Je mehr durch die formale Meditationspraxis Entspannung und Geistesruhe für Sie zu vertrauten Zuständen werden, desto müheloser stehen sie Ihnen zur Verfügung, wenn Sie ihrer bedürfen. Wenn Sie also unter Druck stehen, dürfen Sie sich nunmehr vom Stress wie von einer Welle tragen lassen. Sie müssen Ihre Reaktionen weder unterdrücken noch vor deren Auslösern Reißaus nehmen. Es werden noch immer etliche dieser Stresswellen vor Ihnen auftauchen, aber weit weniger als zu der Zeit, als Sie noch gänzlich den eigenen Reaktionsmustern ausgeliefert waren.

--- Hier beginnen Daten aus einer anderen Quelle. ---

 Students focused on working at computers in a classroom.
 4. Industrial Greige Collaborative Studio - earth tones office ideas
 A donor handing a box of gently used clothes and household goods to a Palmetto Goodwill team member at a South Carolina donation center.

Wie schon gesagt, geht es beim Erlernen des achtsamen Umgangs mit inneren und äußeren Stressfaktoren nicht darum, nie wieder impulsiv zu reagieren oder seine Emotionen zu unterdrücken. Es wird auch weiterhin Momente des Zorns, der Angst und des Kummers geben. Der springende Punkt ist zu lernen, wie man mit seinen emotionalen und körperlichen Reaktionen arbeitet, damit sie weniger Macht über uns haben und uns so mehr Spielraum für klare und effektive Handlungsentscheidungen lassen.

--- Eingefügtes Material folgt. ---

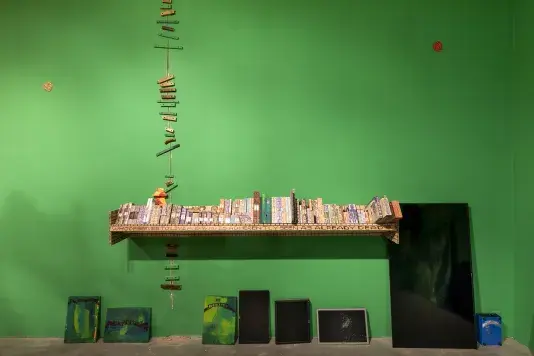 A bright green wall displays a long shelf filled with small, colorful, rectangular wooden objects, some with visible text. Below the shelf, three green paintings with text, four digital screens, and a blue container are arranged against the wall. To the left, a vertical line of small, colorful wooden blocks extends upwards connecting a seam in the wall.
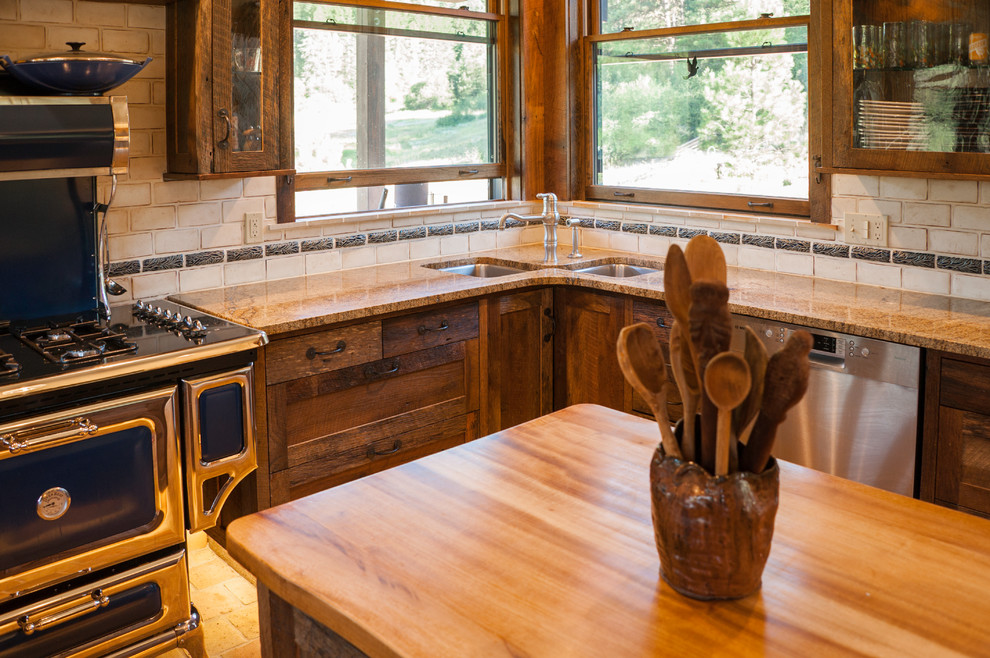 Open concept kitchen - large rustic u-shaped cement tile floor and beige floor open concept kitchen idea in Seattle with recessed-panel cabinets, granite countertops, beige backsplash, ceramic backsplash, stainless steel appliances, an island, an undermount sink and dark wood cabinets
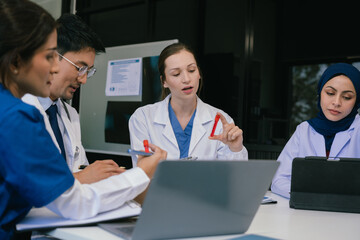 Doctor team, analysis the blood test examination results and medication usage of the patient on the chart, medical check-up concept.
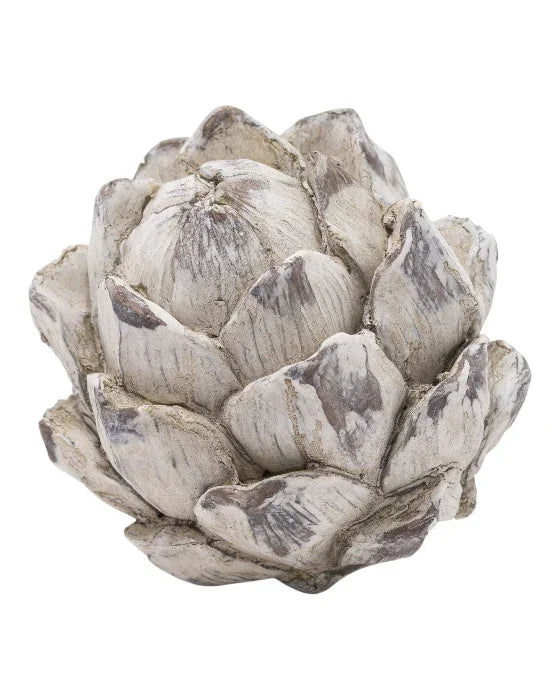 Decorative artichoke sculpture with a rustic finish on a white background
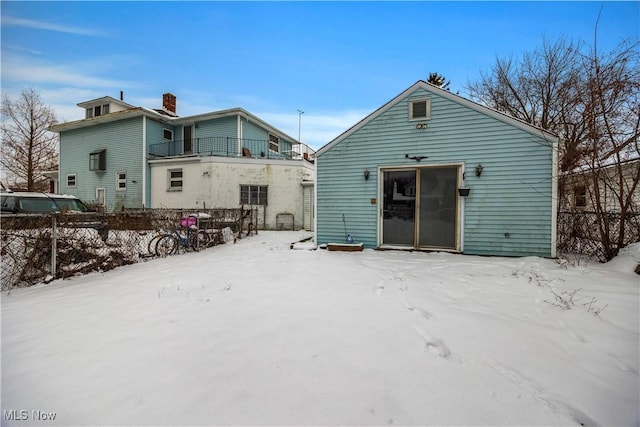 snow covered rear of property with a balcony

Wie sich eine Situation im Einzelnen darstellt, hängt von der Tragweite des Geschehens ab und davon, was es für uns persönlich bedeutet. Es ist nicht möglich, sich im Voraus einen Plan zurechtzulegen, der für alle erdenklichen Stresssituationen Strategien vorgibt. Mit Stress umzugehen heißt, in jedem Augenblick achtsam zu sein und den Moment so anzunehmen, wie er sich darbietet. Dazu muss man sich auf das eigene Gespür für die Situation verlassen können und auf seine Fähigkeit vertrauen, jeden Augenblick auf neue und kreative Weise zu betrachten und zu gestalten. So werden alle Stresssituationen zu Gelegenheiten, noch unbekanntes Terrain zu erkunden. Vielleicht weiß man bisher nur, dass man nicht mehr in der hergebrachten Weise
reagieren
will, ohne schon eine Idee davon zu haben, was es bedeutet, mit einer Situation auf neue und andere Weise
umzugehen.
Kein Moment gleicht völlig dem anderen, und es hängt von den jeweiligen Umständen ab, welchen Gestaltungsspielraum ein jeder Augenblick bietet. In jeder Situation aber kann man, wenn man ihr mit Achtsamkeit begegnet, sich seines gesamten inneren Potenzials versichern und die Freiheit der Kreativität erfahren. Eine achtsame Lebensführung erlaubt es, sogar in den schwierigsten Momenten vollkommen geistesgegenwärtig zu sein. Mit Achtsamkeit und Präsenz sind wir in der Lage, die ganze Katastrophe des Lebens bereitwillig anzunehmen, um sie hier und jetzt zu bestehen. Manchmal wird, was uns plagt, damit leichter, manchmal auch nicht. Aber selbst inmitten von Leid und Schmerz bietet die Achtsamkeit eine besondere Art von Trost, einen Trost der Weisheit und des tiefen Vertrauens: den Trost,
ganz
zu sein.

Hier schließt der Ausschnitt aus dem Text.